A Law Firm For Life
Exterior of the Office Building of The Pellegrino Law Firm P.C.

Are you aware that you can no longer have access to your child’s Education and Medical Records once they turn 18?

On Behalf of | Jul 24, 2018 | Firm News |

The U.S. Department of Educaiton is committed to protecting the privacy of student education records. Any school that receives U.S. deprtment of Education Funds is subject to these privacy rules under the Family Education Rights and Privacy Act, FERPA.

So, what does this mean to a parent?

It means that once your child has reached the age of 18 years, the rights protected by the U.S. Government are transferred from the parent to the child. Colleges are not authorized to share with parents:

  • report cards
  • schedules
  • disciplinary action and
  • other school records

Many schools have a waiver that students can sign that will give their parents access to grades. If they don’t, before your student heads off to school, you should consider having them execute a Power of Attorney, appointing you as their agent.

Similarly, the day your child turns 18, the right to their medical records are transferred from parent to child. The Health Insurance Portability & Accountability Act of 1996, or HIPAA, protects your child’s medical records and other health information. It prohibits the release of medical records to anyone other than the adult patient unless they have given written permission.

Problems may arise if there is a medical emergency, and you need to speak to a health care provider and assist with medical decisions for your child.
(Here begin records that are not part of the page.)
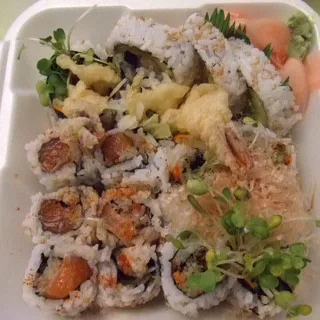 Shrimp Tempura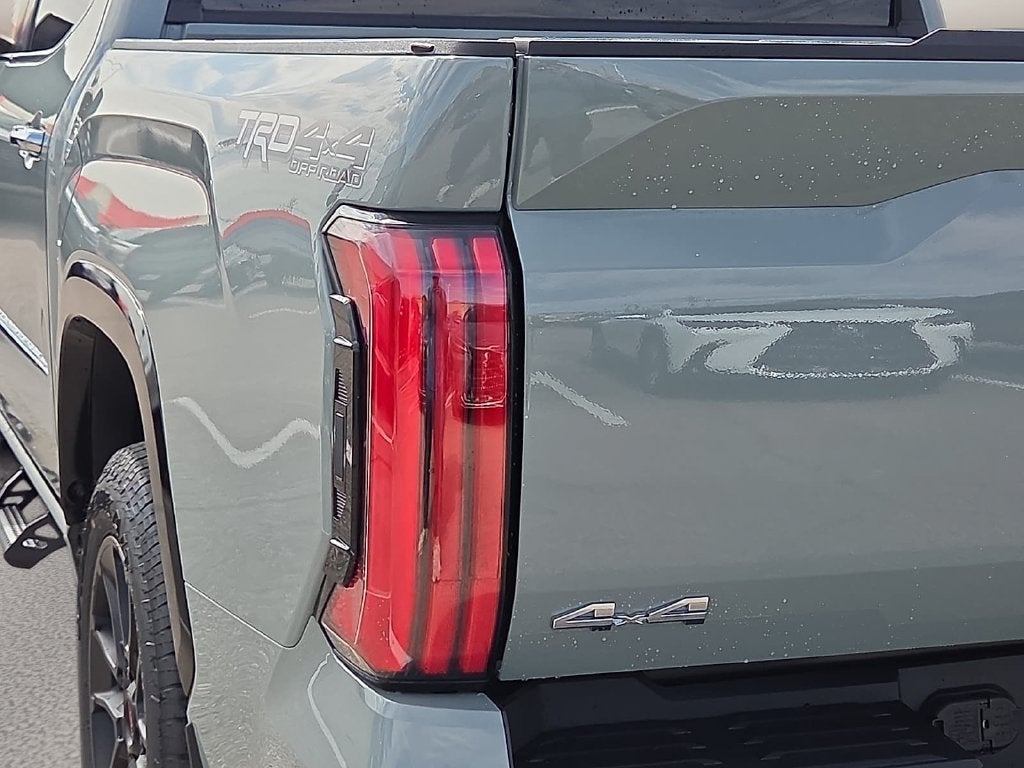 2026 Toyota Tundra Hybrid 1794 Edition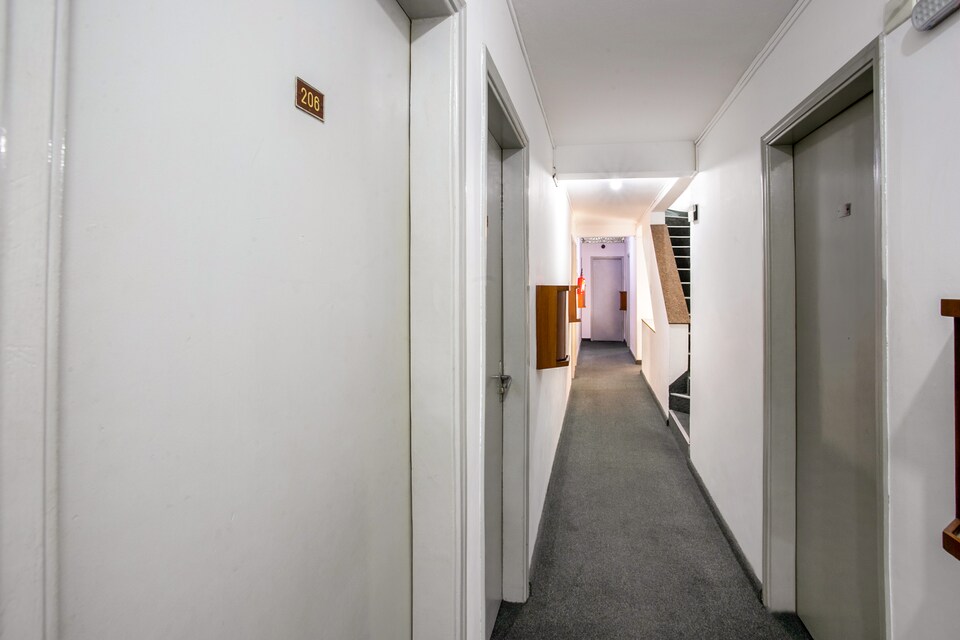 OYO Hotel Grants, Luz Sao Paulo, Sao Paulo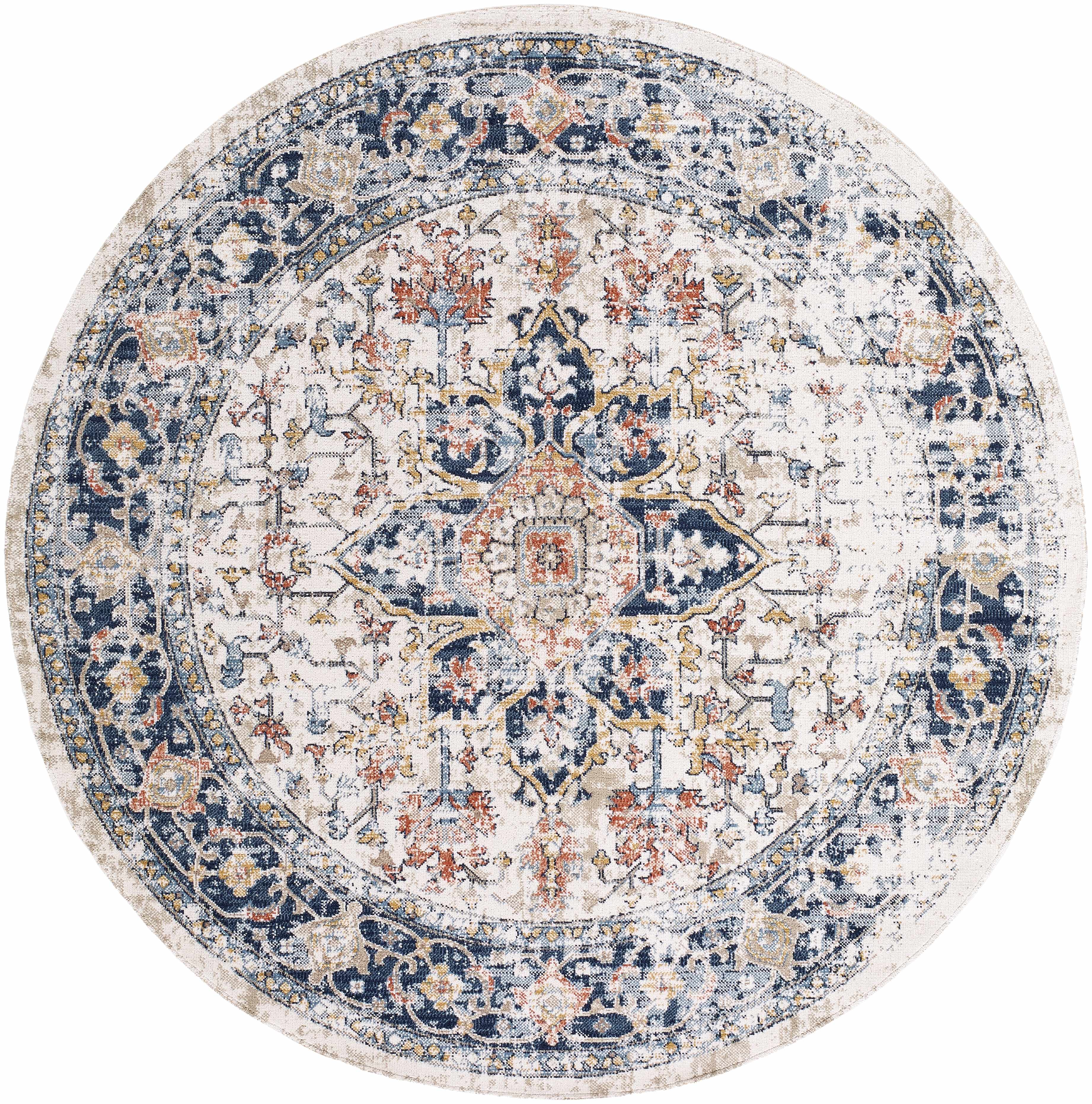 Dorian Outdoor Rug  Traditional  Machine Woven  Low Pile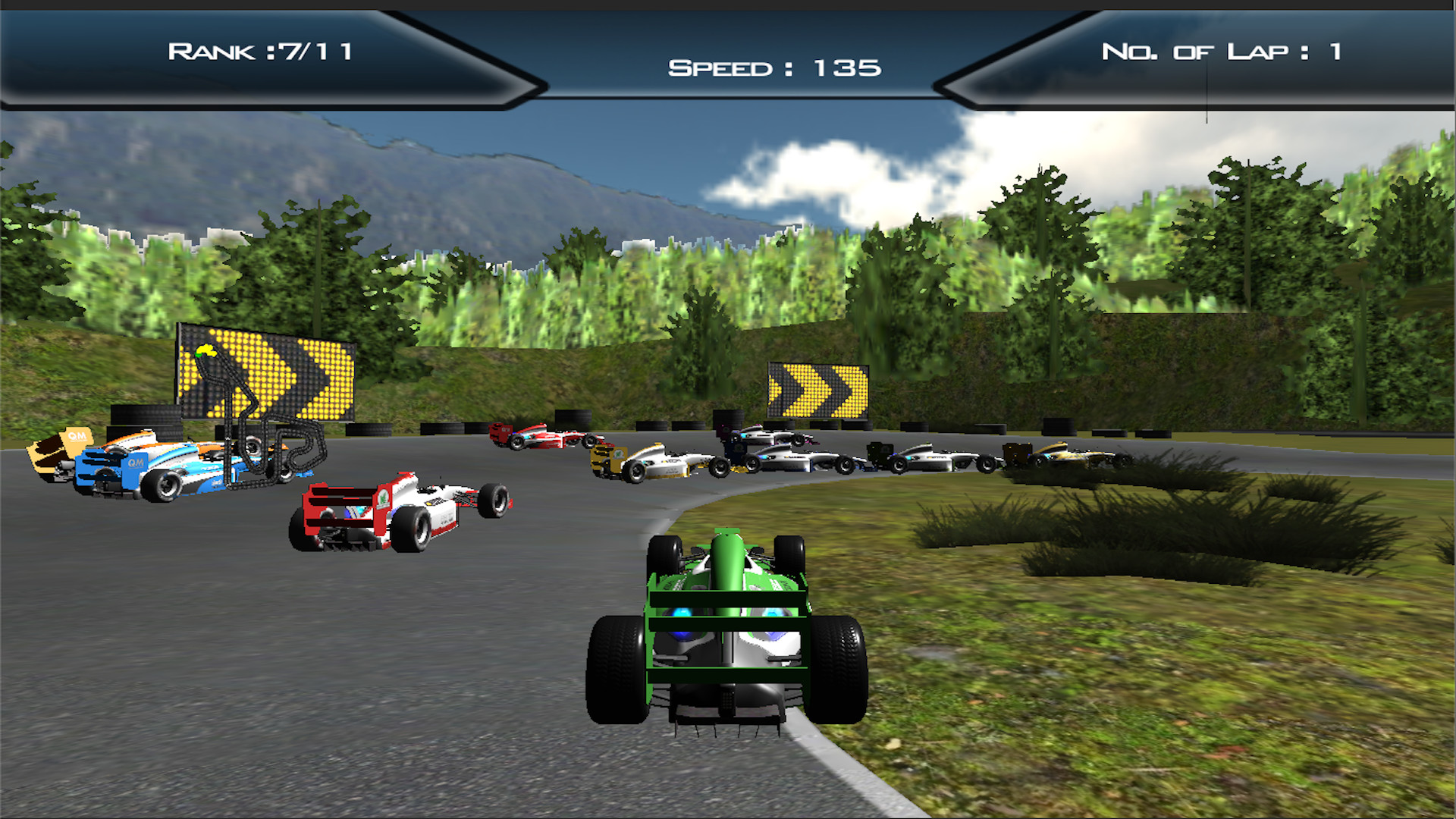 Game Background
Being designated as your child’s Health Care Representative will give you this authority.

The Pellegrino Law Firm Can Help!

Before your child moves away to college, make an appointment with our attorneys who can answer your questions and prepare legal documents so everything is in place if you need to assist your adult child.

Going off to college is a big transition for both children and parents. Be prepared by having your child execute the proper legal documents so that you are able to continue to assist them even after they’ve turned 18.